Siguiendo esta guía se puede hacer una lectura de la obra del Teatro Gorki de Berlín que cerró hace pocas semanas el Festival Internacional de Buenos Aires. “Atlas del comunismo” es un teatro-documental en clave de género que enseña muy distintas historias de comunistas alemanas que explican qué era el comunismo para ellas, por qué se desencantaron con su régimen, pero también por qué la historia que le siguió no las convocó (esta mención al género contrasta brutalmente con la perspectiva machista de Trotsky, que reproduce lo peor de la industria del on demand respecto del consumo del cuerpo femenino). Desorientadas estratégicamente en un mundo donde reinan las injusticias pero conscientes de lo que no quieren ver regresar, las protagonistas exploran con megáfonos un grito heterogéneo, podría interpretarse que en busca de lo que el recién fallecido profesor Erik Olin Wright tituló como “real utopías”.

En el film de Leone y en la obra teatral berlinesa las tramas individuales no excusan ningún currículum personal y no se desenganchan de ningún contexto.

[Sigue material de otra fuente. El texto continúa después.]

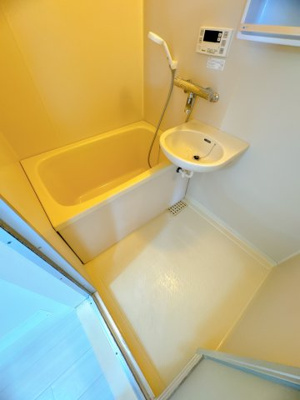 【浴室】 | チェリー桜木Ⅱ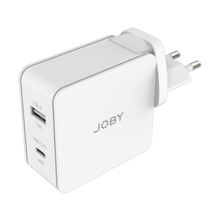 JOBY | Wall Charger 42W Dual Output | JB01806-BWW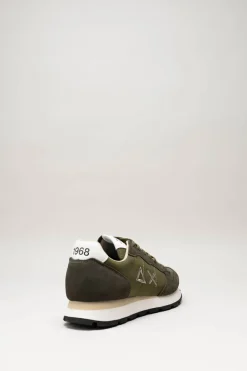 Sun68 - Kaki Sneaker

Se ha dicho que el lema con que Netflix encara sus producciones es: “Nuestra principal competencia es el sueño de la gente”, el adormecimiento on demand. Trotsky representa un burdo ataque contra una de las principales figuras revolucionarias del siglo XX. Pero es más que eso. La producción rusa se enmarca en una industria que se muestra sumamente fértil para la reproducción de la hegemonía del capitalismo posmoderno, esa que Jameson sintetizó perfectamente con la idea de que “hoy es más fácil imaginarse el fin del mundo que el fin del capitalismo”. En el mundo de la posverdad, no sólo no cabe la idea de revolución. Allí, pocos se animan siquiera a silbar el “John, John, John”.